DeFi to remain a ‘minority interest’
Decentralized finance (DeFi) products will “struggle to compete with traditional financial offerings for the time being,” due to the “substantial collateralization” needs of the sector, as well as “a high level of technical sophistication.”
However, high DeFi interest rates, “which far outstrip those offered by regional savings accounts,” will remain attractive, and “many regional exchanges” were predicted to “expand access to these rates in the coming months.”
CBDCs still a no-go
Central bank digital currencies (CBDCs) were tipped to have “limited near-term impact” and provide “poor competition for cryptocurrencies” – despite the fact that many central banks in the region have begun CBDC projects.
The authors wrote:
“In the near term, the benefits of these technologies will be minimal, especially in countries like Brazil and Mexico, which already have robust real-time bank transfer schemes. […] Many consumers join the cryptocurrency ecosystem expressly to remove their finances from the purview of government regulators, and they would have little interest in a government-controlled coin.”

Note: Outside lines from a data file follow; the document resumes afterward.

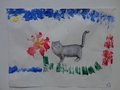 DSC09602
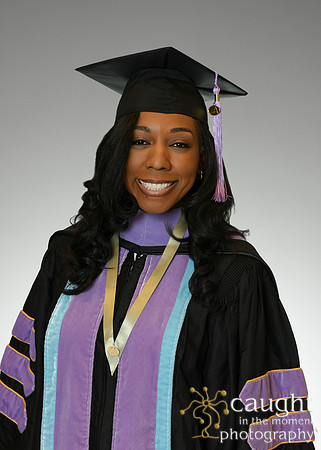 1178 AGD2026 Studio Portraits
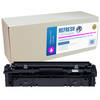 Remanufactured Canon 045 Magenta Toner Cartridge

The report also showed a number of country-to-country differences in terms of the rate of adoption. While 33% of Peruvians expressed an interest in receiving crypto remittances, just 8% of Brazilians shared this view.
While only 8% of Latin Americans surveyed for the report said they held crypto, that number was 12% in Argentina, which has been ravaged by hyperinflation. Some 18% of Latin Americans expressed an interest in buying coins.
But should inflation spread across the region, this could be the factor that pushes residents into the crypto space.
The authors claimed that 54% of the “crypto-curious” people it spoke to (in September 2021) “cited ‘savings protection’ as a key crypto benefit.”
Inclusion could also prove important – the report claimed that 40% of people in the region do not have a “checking” bank account.